Sunday, November 29, 2009

Swiss Set To Ban New Construction of Minarets

The European concept of religious freedom is different than the American vision, so it shouldn't come as much of a surprise that some Europeans are pushing for a ban on the construction of new minarets. The surprise is that this push is getting its support in Switzerland. Swiss voters are set to ban the construction of new minarets. Switzerland currently has four minarets, and while minarets are used by Muslims to broadcast their calls to prayer elsewhere in the world, the Swiss have banned the practice.
If confirmed, the result would be a huge embarrassment for the neutral Swiss government, which had warned that amending the constitution to ban construction of minarets could serve could "serve the interests of extremist circles."

"The initiative would appear to be accepted, there is a positive trend. It's a huge surprise," French-language Swiss television said, 30 minutes after polls closed at midday.

A majority of voters as well as cantons appeared to have approved the initiative, it said, citing exit polls carried out by the Berne-based Institute Gfs.

Both the Swiss government and parliament had rejected the initiative as violating the Swiss constitution, freedom of religion and the nation's cherished tradition of tolerance. The United Nations human rights watchdog had also voiced concerns.

A group of politicians from the right-wing Swiss People's Party (SVP), the country's biggest party, and Federal Democratic Union gathered enough signatures to force the vote on the initiative which opposes the "Islamisation of Switzerland."

Its campaign poster showed the Swiss flag covered in missile-like minarets and the portrait of a woman covered with a black chador and veil associated with strict Islam.

"We just want to stop further Islamisation in Switzerland, I mean political Islam. People may practice their religion, that is no problem," Walter Wobmann, who is president of a committee of initiative backers, told Reuters on Sunday.

"We want to stop the further developments -- minarets, (the call to prayer), Sharia law," SVP parliamentarian said at a rally of supporters in the town of Egerkingen near Berne.
Islamophobia is playing a very strong role in this as xenophobia.
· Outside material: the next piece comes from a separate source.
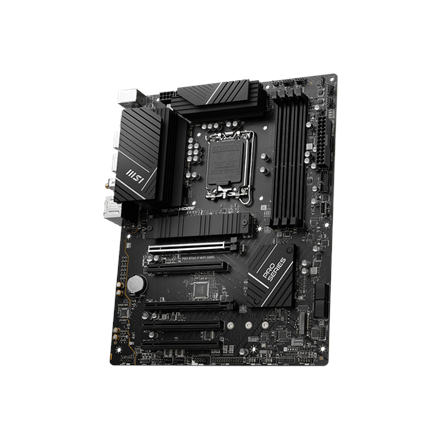 MSI | PRO B760-P WIFI DDR4 | Processor family Intel | Processor socket LGA1700 | DDR4 | Supported hard disk drive interf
So does fear of political Islam and the expanding role of Sharia in Swiss life.

It isn't a far leap in the minds of these proponents from Islamic symbolism to terrorism.

The Swiss ban also once again highlights Europe's difficulties in assimilating outsiders into their polity, as well as the insistence by some to retain their cultural, religious, and political identities as separate and distinct. It also brings into focus the intent by some Muslims to impose their views on others; that's why we've seen a focus on the headscarf in France, mosque construction in Germany, and demands for religious courts imposing sharia as separate and distinct from the civil administrative laws of various countries.